GM: It’s finished now and it’ll be coming out soon. I sat down and I thought, “I don’t want to do this warrior woman thing.” I can understand why they’re doing it, I get all that, but that’s not what [Wonder Woman creator] William Marston wanted, that’s not what he wanted at all! His original concept for Wonder Woman was an answer to comics that he thought were filled with images of blood-curdling masculinity, and you see the latest shots of Gal Gadot in the costume, and it’s all sword and shield and her snarling at the camera. Marston’s Diana was a doctor, a healer, a scientist. So I went back to those roots and just built it up again.

What would a society of immortal women that’s been around for 7,000 years have done? They wouldn’t still be chopping men’s head’s off; they’ve got art and architecture and philosophy and poetry and it’s got nothing to do with men. So Yanick Paquette did this amazing design job, where there are no phallic objects. The only phallic objects are like these Greek towers that are almost like this haunting echo of the culture they came from.

Wonder Woman’s Invisible Plane is now shaped like a vagina, it’s the most incredible thing. It opens up in the back and it has a little clitoris hood, everything is a female-based design. It’s all based on shells and natural stuff. He’s created this entire newly designed world for the Amazons. And for the first 48 pages, there are no men — it’s just women talking to each other. And then halfway through the book, we’re building up to this big fight, and then I thought, “No, I’m not.” This book isn’t about fights, there’s not going to be any fights. So we threw out the rules of traditional boy’s adventure fiction. It’s the most exciting book I’ve done in years, it changed everything I’m thinking about the future.

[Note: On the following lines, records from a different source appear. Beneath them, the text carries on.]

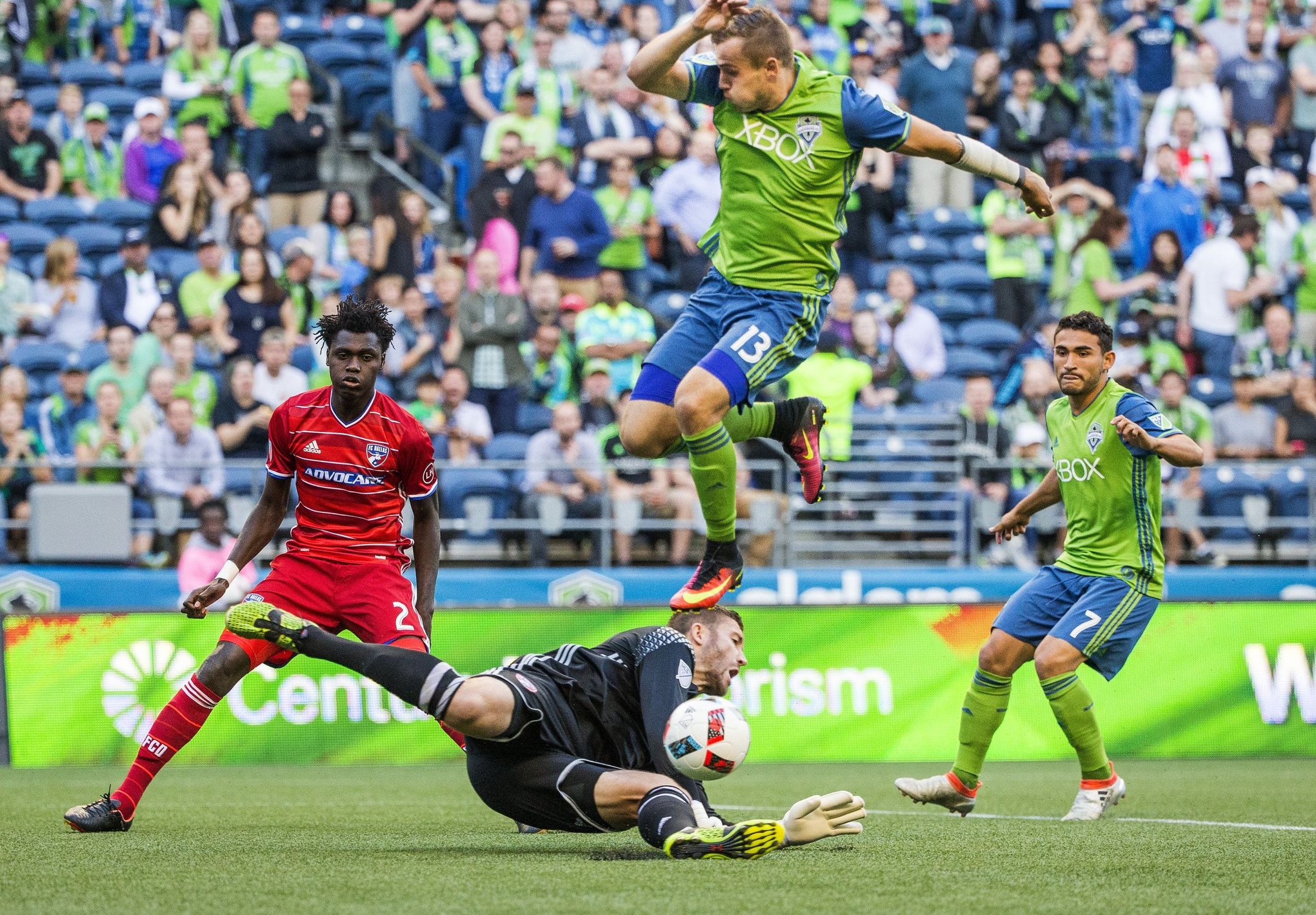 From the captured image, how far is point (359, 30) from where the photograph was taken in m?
18.6

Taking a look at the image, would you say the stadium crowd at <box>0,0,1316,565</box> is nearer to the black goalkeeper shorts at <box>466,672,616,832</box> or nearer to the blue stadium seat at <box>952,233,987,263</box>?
the blue stadium seat at <box>952,233,987,263</box>

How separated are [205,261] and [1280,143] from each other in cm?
1166

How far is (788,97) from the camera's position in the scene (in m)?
7.00

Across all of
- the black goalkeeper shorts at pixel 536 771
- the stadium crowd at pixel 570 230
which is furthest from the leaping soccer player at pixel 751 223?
the stadium crowd at pixel 570 230

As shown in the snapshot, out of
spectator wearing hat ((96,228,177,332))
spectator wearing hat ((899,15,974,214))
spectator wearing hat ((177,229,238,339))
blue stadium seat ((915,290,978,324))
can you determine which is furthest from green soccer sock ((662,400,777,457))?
spectator wearing hat ((899,15,974,214))

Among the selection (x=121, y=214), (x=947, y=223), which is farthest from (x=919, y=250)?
(x=121, y=214)

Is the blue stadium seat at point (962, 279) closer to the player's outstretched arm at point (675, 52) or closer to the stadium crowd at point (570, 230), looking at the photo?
the stadium crowd at point (570, 230)

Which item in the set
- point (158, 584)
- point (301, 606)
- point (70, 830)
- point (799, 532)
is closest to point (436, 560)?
point (301, 606)

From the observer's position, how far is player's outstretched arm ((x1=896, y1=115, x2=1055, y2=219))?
6.82 m

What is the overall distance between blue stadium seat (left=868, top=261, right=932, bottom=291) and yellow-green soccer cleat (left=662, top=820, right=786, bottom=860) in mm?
11690

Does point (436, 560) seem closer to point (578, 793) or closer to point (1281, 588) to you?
point (578, 793)

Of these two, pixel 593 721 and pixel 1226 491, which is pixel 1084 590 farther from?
pixel 1226 491

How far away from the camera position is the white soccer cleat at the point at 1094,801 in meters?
7.74

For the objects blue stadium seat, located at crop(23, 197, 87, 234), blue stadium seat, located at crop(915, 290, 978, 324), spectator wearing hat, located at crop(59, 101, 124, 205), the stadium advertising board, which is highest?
spectator wearing hat, located at crop(59, 101, 124, 205) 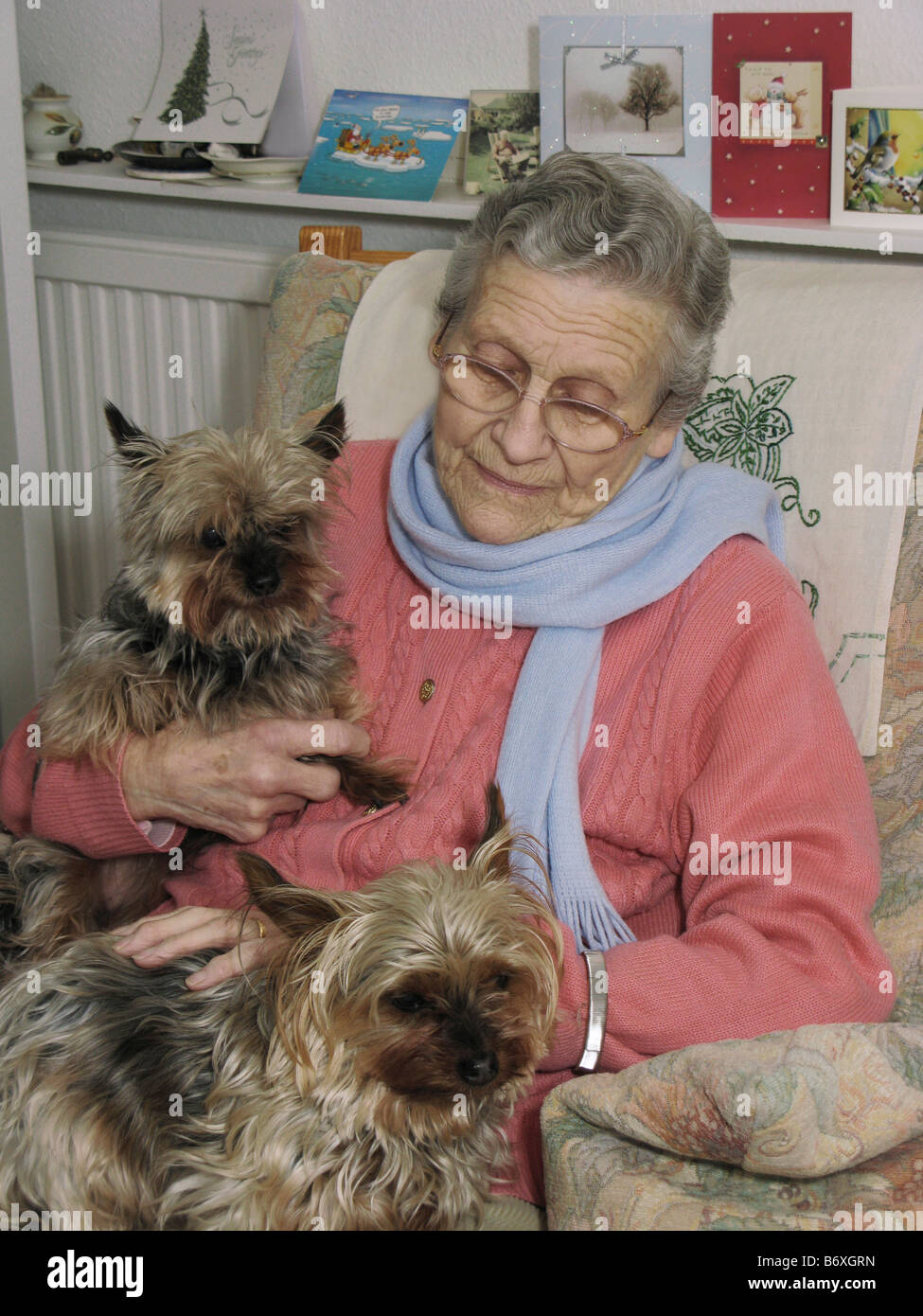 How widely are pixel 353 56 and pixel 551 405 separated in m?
1.60

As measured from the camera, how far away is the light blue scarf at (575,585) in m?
1.55

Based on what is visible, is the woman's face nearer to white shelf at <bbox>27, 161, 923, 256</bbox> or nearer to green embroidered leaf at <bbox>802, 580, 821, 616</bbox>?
green embroidered leaf at <bbox>802, 580, 821, 616</bbox>

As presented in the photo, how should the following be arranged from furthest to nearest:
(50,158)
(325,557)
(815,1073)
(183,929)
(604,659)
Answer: (50,158)
(325,557)
(604,659)
(183,929)
(815,1073)

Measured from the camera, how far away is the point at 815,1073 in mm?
1145

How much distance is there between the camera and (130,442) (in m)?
1.65

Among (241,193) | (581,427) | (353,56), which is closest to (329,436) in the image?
(581,427)

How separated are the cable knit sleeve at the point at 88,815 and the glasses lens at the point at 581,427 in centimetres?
72

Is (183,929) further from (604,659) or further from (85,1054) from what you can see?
(604,659)

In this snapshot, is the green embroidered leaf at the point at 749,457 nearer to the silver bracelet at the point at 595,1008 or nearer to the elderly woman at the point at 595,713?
the elderly woman at the point at 595,713

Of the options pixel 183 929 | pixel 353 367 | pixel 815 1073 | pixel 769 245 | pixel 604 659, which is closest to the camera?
pixel 815 1073

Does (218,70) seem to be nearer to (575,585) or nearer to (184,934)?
(575,585)

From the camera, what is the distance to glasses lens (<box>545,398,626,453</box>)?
63.2 inches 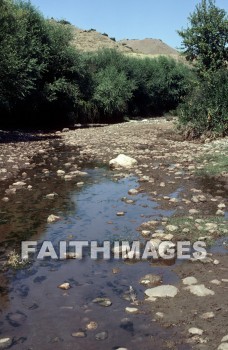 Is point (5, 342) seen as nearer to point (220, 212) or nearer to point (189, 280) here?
point (189, 280)

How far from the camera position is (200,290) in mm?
4852

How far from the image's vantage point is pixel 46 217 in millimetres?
8125

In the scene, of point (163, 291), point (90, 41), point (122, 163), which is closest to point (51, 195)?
point (122, 163)

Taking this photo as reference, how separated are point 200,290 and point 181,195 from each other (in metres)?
4.83

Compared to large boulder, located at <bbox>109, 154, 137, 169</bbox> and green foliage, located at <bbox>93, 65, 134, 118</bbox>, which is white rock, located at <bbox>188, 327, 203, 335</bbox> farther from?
green foliage, located at <bbox>93, 65, 134, 118</bbox>

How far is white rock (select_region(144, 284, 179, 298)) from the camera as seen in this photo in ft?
15.7

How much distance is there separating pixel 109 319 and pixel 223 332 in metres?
1.17

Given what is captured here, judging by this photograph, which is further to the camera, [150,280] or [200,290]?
[150,280]

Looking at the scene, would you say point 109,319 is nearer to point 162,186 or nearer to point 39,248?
point 39,248

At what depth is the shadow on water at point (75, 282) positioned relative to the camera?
13.0 feet

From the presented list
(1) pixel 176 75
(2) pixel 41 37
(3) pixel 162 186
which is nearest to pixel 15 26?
(2) pixel 41 37

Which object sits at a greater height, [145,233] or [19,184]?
[19,184]

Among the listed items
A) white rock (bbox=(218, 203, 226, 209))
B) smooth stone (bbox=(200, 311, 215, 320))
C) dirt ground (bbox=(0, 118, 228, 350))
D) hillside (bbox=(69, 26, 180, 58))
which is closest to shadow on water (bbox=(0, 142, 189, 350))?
dirt ground (bbox=(0, 118, 228, 350))

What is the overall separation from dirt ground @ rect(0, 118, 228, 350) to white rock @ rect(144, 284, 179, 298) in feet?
0.23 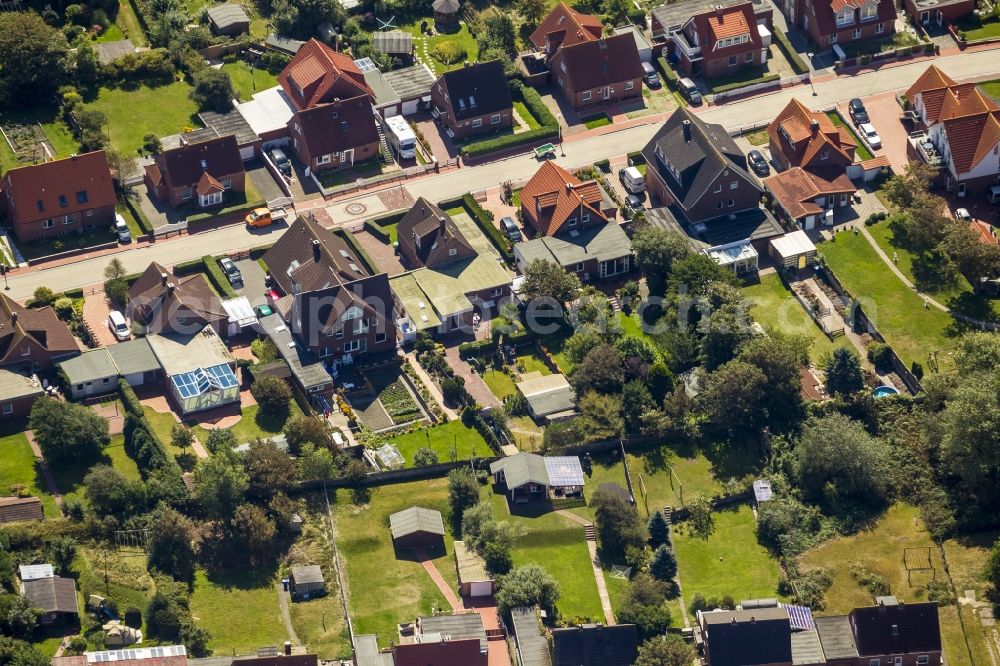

N: All of that is music to my ears. I respect [New 52 Wonder Woman writer] Brian Azzarello as a writer, but hate what he did to the Amazons. He turned Marston’s utopian society of women into people who murder the men they copulate with, then sell the male babies into slavery in trade for weapons. They’re essentially evil barbarians now, and I can’t imagine DC would have allowed the same character assassination to be done to Ma and Pa Kent or the Waynes.

GM: Yeah…I mean, you can do the Amazons as a bit strange and aloof, because they could defeat Man’s World if they felt like it, because their science is so advanced. But at the same time their culture is quite frozen, which is why Diana wants to get away and see what else is out there. But that’s how I see it. I think it’ll be quite controversial.